A disk based solution would have the advantage of capacity. A 1Tb disk costs about 200 bucks now. A Tb of memory is a lot more. With an XTP platform, even machines with a single disk are useful as the XTP platform makes it highly available by creating replicas on other machines. So while a typical blade has about 4 or 8Gb of RAM, a disk based machine could have a Tb of disk. This is a 100x improvement in capacity. Now, the trade off here is latency. You won't get millisecond level transactions with a disk based XTP platform. You're probably talking 100ms or more. But, a 1000 boxes can store 500Tb of data redundantly (1 replica, 1Tb of disk per box). A memory based XTP platform would have 4Tb (8Gb per box, 1 replica).
The best examples of XDP systems (extreme data processing) would be googles big-table or Apache Hadoop. These allow very large data sets to be stored in a grid and use the map-reduce pattern to process it. Collocation isn't so critical it seems in an XDP system when compared with a memory based XTP system. This is mainly due to the disk latencies eliminating the advantage of collocation in address spaces.
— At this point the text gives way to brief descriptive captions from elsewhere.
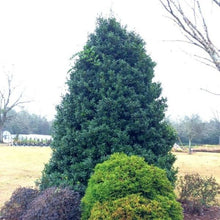 Load image into Gallery viewer, Ilex 'Oakland' Oakleaf Holly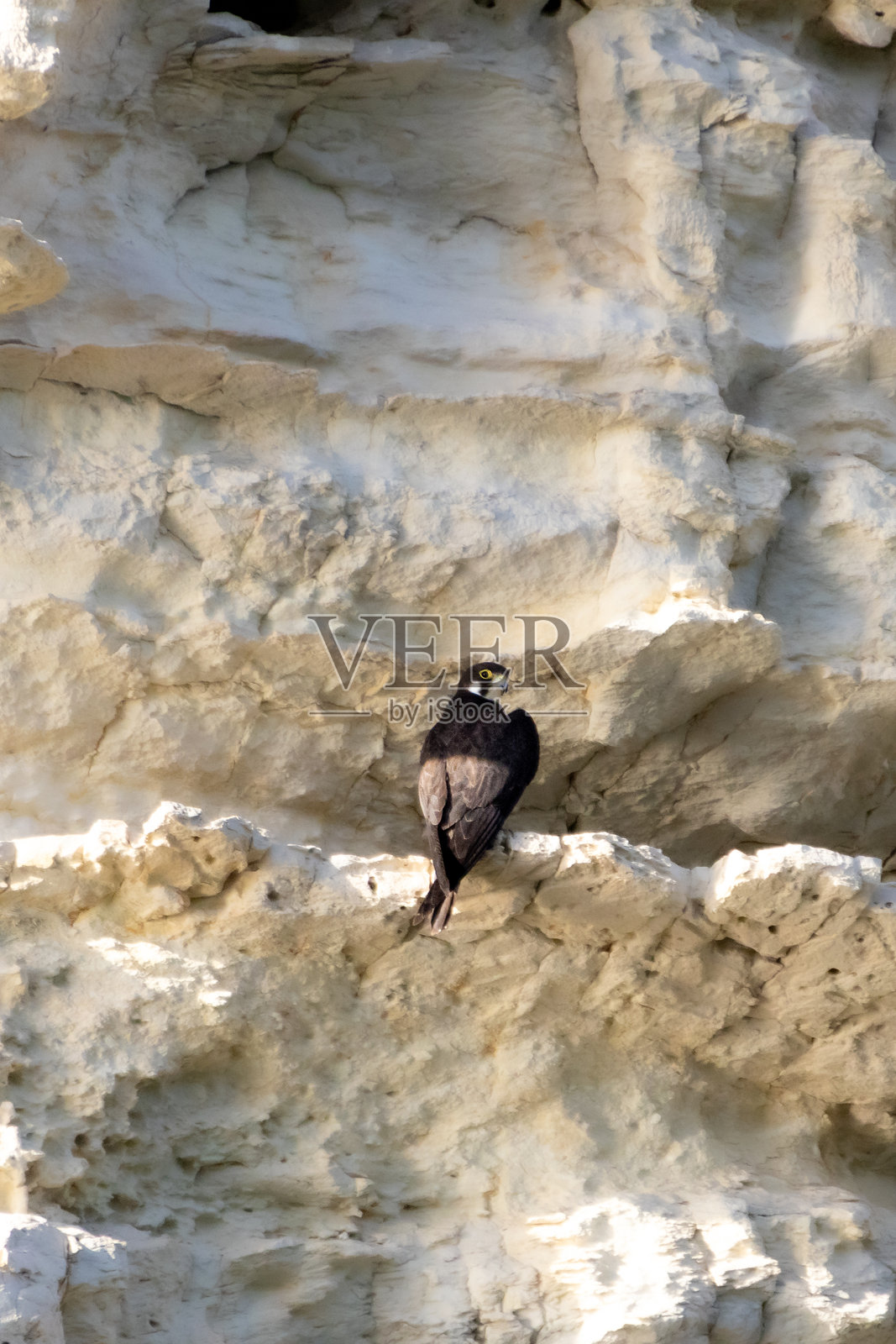 一只埃莱奥诺拉隼栖息在塞浦路斯的岩石悬崖上照片摄影图片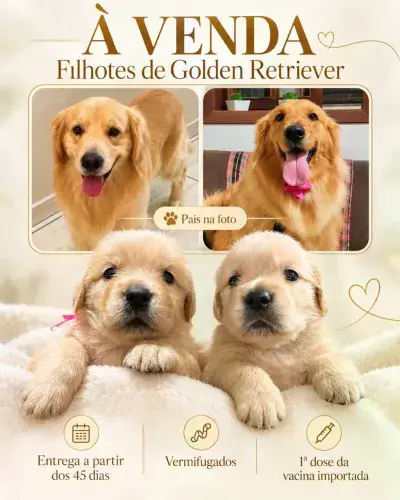 Vende -se filhotes Golden Retriver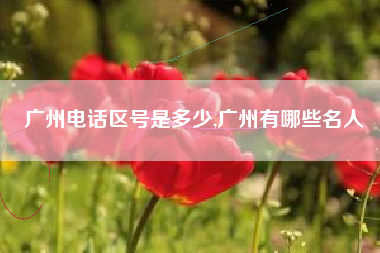 广州电话区号是多少,广州有哪些名人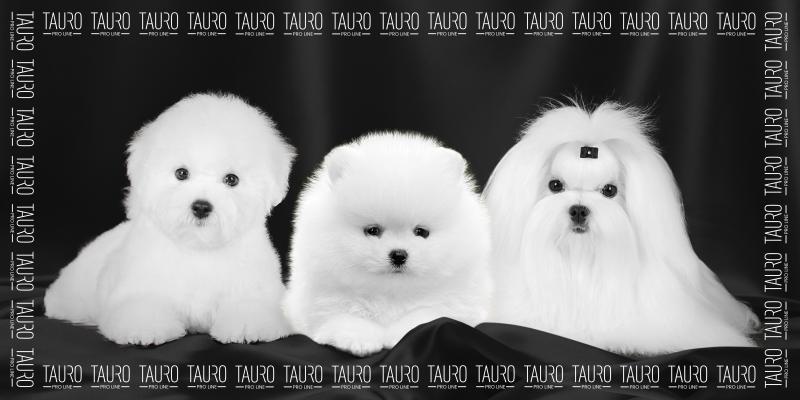 Premium Quick-Dry Microfiber Pet Towel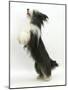 Bearded Collie Bitch, Ellie, Jumping Up-Mark Taylor-Mounted Photographic Print
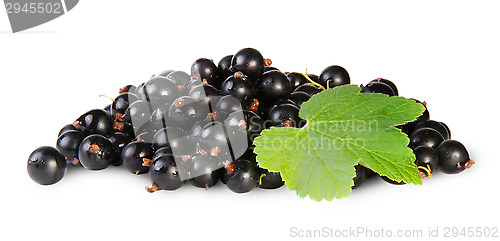 Image of Bunch Of Black Currant With Leaf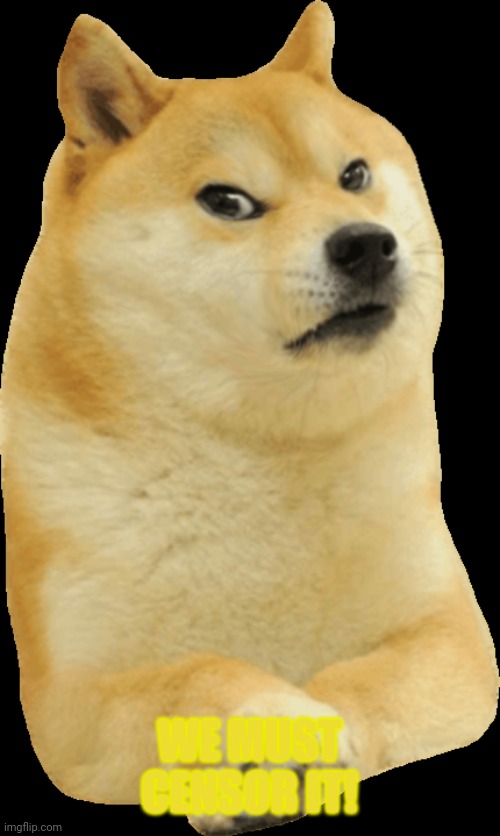 mad doge | WE MUST CENSOR IT! | image tagged in mad doge | made w/ Imgflip meme maker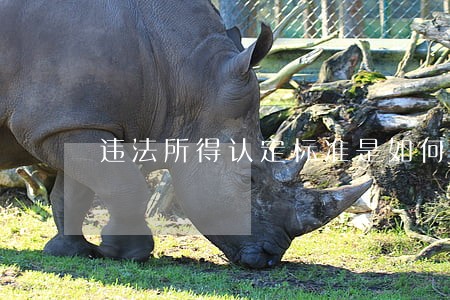 违法所得认定标准是如何的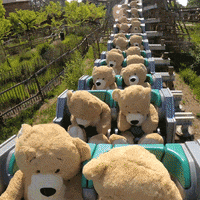 Roller Coaster Bear GIF by Walibi Holland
Another difference between XDP and XTP is the way partitioning is done. Most memory based XTP systems using a hash based partitioning algorithm. XDP systems like bigtable use a key range based partitioning scheme. Key ranges offer a number of advantages over hash based ones. The first is that it's ordered. This is incredibly useful for processing data in order because data can be streamed in order from a server till that key range is exhausted and then we hop to the server with the next key range and so on. This wouldn't work with a hash based system because the keys are randomly distributed amongst all servers. Fetch data in order would be very expensive as you'd be pulling records from all servers and sorting.
The other main advantage of key range is scaling up. Hash based partition schemes using a fixed partition size and then place partitions on servers. There would be multiple partitions per server. A key range solution has no initial size. We'd start with a single partition with A-Z in it. As we add data then we will split it in to a A-F and G-Z maybe if the data was skewed that way. As more data is added then we split again and again and spread the partitions out on the boxes hosting the grid. This is how google big table works. This looks very attractive and is something I'm considering for a future rev of ObjectGrid, maybe V7.0. It also avoids the issue with hash based partitioning when you have a bad hashing algorithm and lots of records hash to the same partition. The partition starts to fill up and there isn't much you can do. The key range partition solution doesn't have this issue as we can split on any boundary.
So, to summarise, XDP systems have a lot to learn from for their XTP relations. Disk based XTP systems are certainly possible but don't seem to be on the market yet. Memory based XTP systems are here with ObjectGrid and the competitors.